Common Cause Texas has suggested that the proposal could violate the Voting Rights Act (VRA) by reducing the ability of communities of color to elect their preferred candidates. TLR’s report discussed how the VRA applies to judicial election districts; it noted that few lawsuits challenging appellate election districts have been successful.
If introduced, the Texas bill would follow similar moves by other GOP-controlled legislatures to change how judges are chosen. This year, Republicans in Montana and Pennsylvania have tried to create new election districts for their state supreme courts, which include progressive majorities. The North Carolina legislature gerrymandered judicial elections in the city of Charlotte after Black Democrats were elected in 2016, and it slashed the size of the state Court of Appeals to prevent appointments by the Democratic governor. Both laws were challenged in state court and then repealed while the lawsuits were pending.
Republican legislators justify S.B. 11 by pointing to problems that come with having 14 appellate courts, and TLR’s report specifically ruled out the idea of creating any new appellate courts in Texas. But another GOP-sponsored bill, which Gutierrez claims is the party’s backup plan if S.B. 11 fails, would create a new court to hear appeals in some civil cases, including litigation challenging state laws as unconstitutional.
The new appellate court would be elected statewide. Democrats haven’t won a statewide race in Texas in decades.
A New Court for West Virginia
West Virginia Gov. Jim Justice (R), who owns a coal company, signed a bill this week to create the state’s first intermediate appellate court to review trial court decisions before they reach the state Supreme Court. Next year he’ll appoint the court’s three judges, who will then face voters in the 2024, 2026, and 2028 elections.
Critics argued the new court is expensive and unnecessary, given that the number of appeals has dropped precipitously in recent decades. The West Virginia Supreme Court has never suggested that it needed another court to handle appeals. The new court will hear appeals in civil lawsuits, giving it the power to overturn jury verdicts across the state.

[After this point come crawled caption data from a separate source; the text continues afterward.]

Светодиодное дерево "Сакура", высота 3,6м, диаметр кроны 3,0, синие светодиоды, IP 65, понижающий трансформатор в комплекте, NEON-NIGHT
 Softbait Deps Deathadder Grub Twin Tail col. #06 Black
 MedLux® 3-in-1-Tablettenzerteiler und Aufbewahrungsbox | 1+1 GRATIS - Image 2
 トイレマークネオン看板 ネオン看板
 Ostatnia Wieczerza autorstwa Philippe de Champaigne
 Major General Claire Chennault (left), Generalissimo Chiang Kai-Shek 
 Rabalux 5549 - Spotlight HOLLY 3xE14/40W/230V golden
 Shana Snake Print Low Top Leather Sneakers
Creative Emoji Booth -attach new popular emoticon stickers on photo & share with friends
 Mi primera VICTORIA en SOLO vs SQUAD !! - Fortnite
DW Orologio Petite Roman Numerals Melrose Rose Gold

The bill was opposed by Democrats and some Republicans. Like the Texas bill, the West Virginia proposal was pushed by big business lobbyists. The state’s Chamber of Commerce, which has run ads supporting conservative Supreme Court candidates, has promoted the idea of a new appellate court for years.
Danielle Waltz, a lobbyist with the U.S. Chamber of Commerce in Washington, D.C., pushed back against the idea that the new court will be too expensive. “There is no price tag on providing litigants with justice,” she said.
The bill will allow Justice to leave an even bigger mark on the state’s appellate courts. After a 2018 spending scandal led to the resignation of two state Supreme Court justices, the governor filled the empty seats with two former Republican lawmakers. The legislature tried to impeach the remaining justices. But a temporary state Supreme Court, weighing the case due to the incumbents’ conflict of interest, ruled that the impeachment proceedings violated the state constitution.
Republicans are now considering a constitutional amendment, which would have to be approved by voters, that would overturn this decision. The amendment would prevent courts from intervening in any impeachment proceeding, no matter how problematic the process or how frivolous the charges.
Julie Archer of West Virginia Citizen Action Group said that courts wouldn’t be able to intervene if lawmakers impeached an official on discriminatory grounds, such as their race or sexual orientation. She argued that lawmakers keeping courts out of the impeachment process is like “football players throwing referees out of a game — the results aren’t going to be pretty.”